What you need to do:
Up to and including the line containing "Пензенская городская Дума", retype each line of the listing below exactly, beginning with the first.
━━━ Dataset records
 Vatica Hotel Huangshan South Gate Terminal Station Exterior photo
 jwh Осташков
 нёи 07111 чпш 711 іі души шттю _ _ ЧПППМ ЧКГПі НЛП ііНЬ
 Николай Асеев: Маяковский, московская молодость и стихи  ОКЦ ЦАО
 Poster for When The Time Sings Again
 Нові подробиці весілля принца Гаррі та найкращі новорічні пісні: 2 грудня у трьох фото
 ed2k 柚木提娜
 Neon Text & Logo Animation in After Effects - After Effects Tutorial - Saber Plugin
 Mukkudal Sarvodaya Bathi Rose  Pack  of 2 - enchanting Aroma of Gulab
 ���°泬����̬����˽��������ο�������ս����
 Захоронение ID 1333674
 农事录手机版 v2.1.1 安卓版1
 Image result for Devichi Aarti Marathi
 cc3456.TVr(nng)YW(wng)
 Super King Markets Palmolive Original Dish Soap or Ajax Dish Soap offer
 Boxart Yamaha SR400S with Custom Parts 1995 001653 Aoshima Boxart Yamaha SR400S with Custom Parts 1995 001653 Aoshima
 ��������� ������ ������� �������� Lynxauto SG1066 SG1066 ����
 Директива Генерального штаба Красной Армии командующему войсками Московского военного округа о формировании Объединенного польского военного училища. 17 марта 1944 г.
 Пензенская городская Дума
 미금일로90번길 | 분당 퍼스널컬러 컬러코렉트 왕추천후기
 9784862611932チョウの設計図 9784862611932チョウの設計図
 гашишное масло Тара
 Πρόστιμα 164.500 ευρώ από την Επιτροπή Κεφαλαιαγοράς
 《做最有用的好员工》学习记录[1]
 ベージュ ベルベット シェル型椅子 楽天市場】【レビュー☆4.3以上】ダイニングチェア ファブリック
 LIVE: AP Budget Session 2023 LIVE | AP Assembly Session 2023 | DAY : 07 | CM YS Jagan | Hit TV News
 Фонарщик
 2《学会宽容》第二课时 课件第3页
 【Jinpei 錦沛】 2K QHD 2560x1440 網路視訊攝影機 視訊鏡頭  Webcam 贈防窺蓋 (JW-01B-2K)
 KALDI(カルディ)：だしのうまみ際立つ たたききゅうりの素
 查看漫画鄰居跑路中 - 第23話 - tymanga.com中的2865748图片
━━━━━━
Response area:
 Vatica Hotel Huangshan South Gate Terminal Station Exterior photo
 jwh Осташков
 нёи 07111 чпш 711 іі души шттю _ _ ЧПППМ ЧКГПі НЛП ііНЬ
 Николай Асеев: Маяковский, московская молодость и стихи  ОКЦ ЦАО
 Poster for When The Time Sings Again
 Нові подробиці весілля принца Гаррі та найкращі новорічні пісні: 2 грудня у трьох фото
 ed2k 柚木提娜
 Neon Text & Logo Animation in After Effects - After Effects Tutorial - Saber Plugin
 Mukkudal Sarvodaya Bathi Rose  Pack  of 2 - enchanting Aroma of Gulab
 ���°泬����̬����˽��������ο�������ս����
 Захоронение ID 1333674
 农事录手机版 v2.1.1 安卓版1
 Image result for Devichi Aarti Marathi
 cc3456.TVr(nng)YW(wng)
 Super King Markets Palmolive Original Dish Soap or Ajax Dish Soap offer
 Boxart Yamaha SR400S with Custom Parts 1995 001653 Aoshima Boxart Yamaha SR400S with Custom Parts 1995 001653 Aoshima
 ��������� ������ ������� �������� Lynxauto SG1066 SG1066 ����
 Директива Генерального штаба Красной Армии командующему войсками Московского военного округа о формировании Объединенного польского военного училища. 17 марта 1944 г.
 Пензенская городская Дума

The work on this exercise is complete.